_What you have to do:_ Copy the lines below exactly, starting at the one with "Anyák napi körök" and ending at the one with "AloeCure orgaaniline Aloe", and leave out any picture.

_Exercise data:_
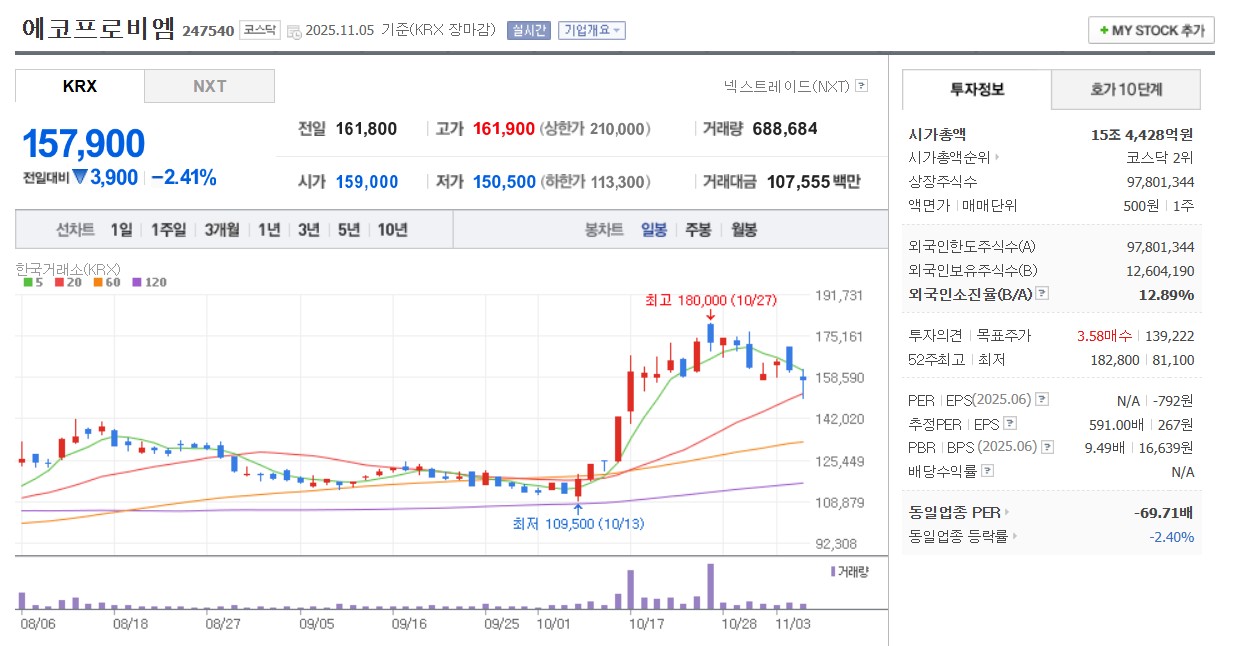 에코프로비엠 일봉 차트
* * *
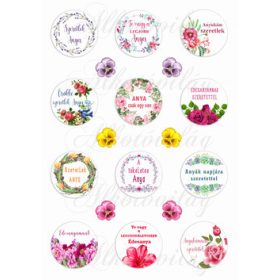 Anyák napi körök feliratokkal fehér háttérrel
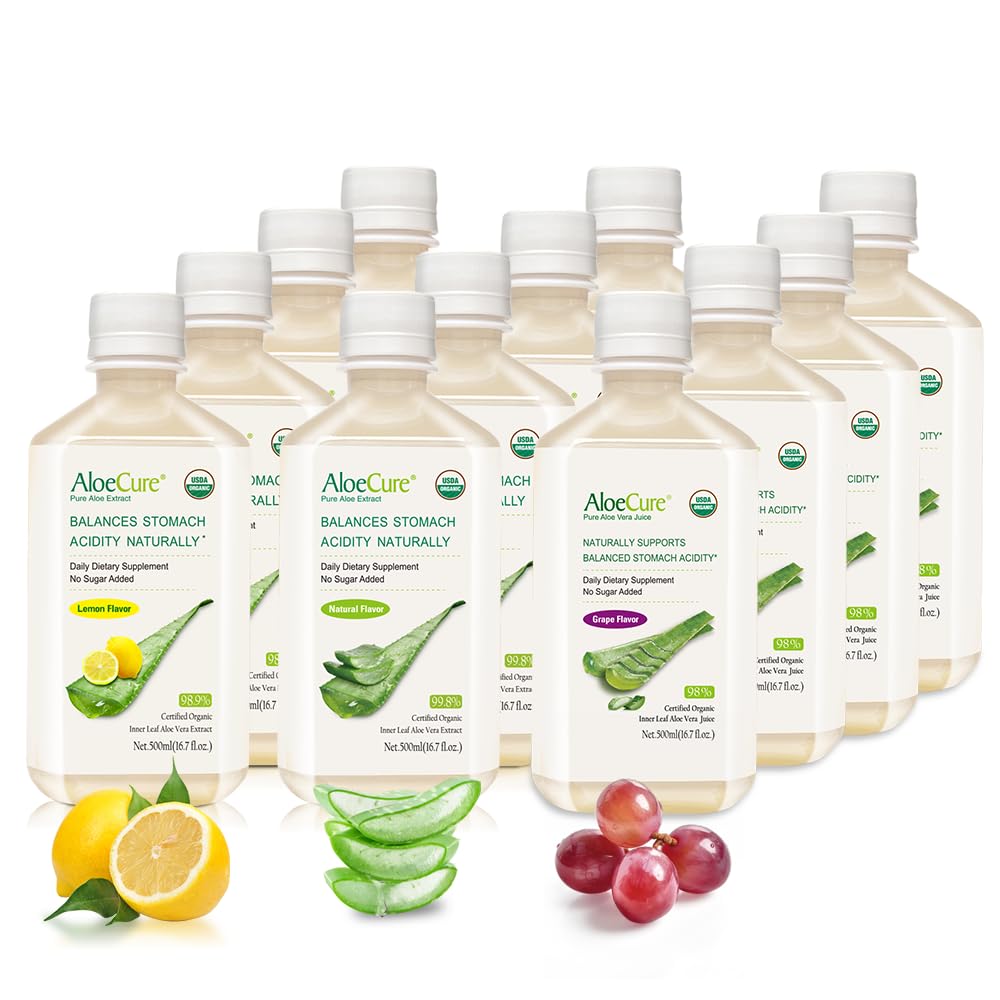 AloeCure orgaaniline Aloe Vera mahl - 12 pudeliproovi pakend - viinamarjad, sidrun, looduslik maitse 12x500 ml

_Written reply:_
 Anyák napi körök feliratokkal fehér háttérrel
 AloeCure orgaaniline Aloe Vera mahl - 12 pudeliproovi pakend - viinamarjad, sidrun, looduslik maitse 12x500 ml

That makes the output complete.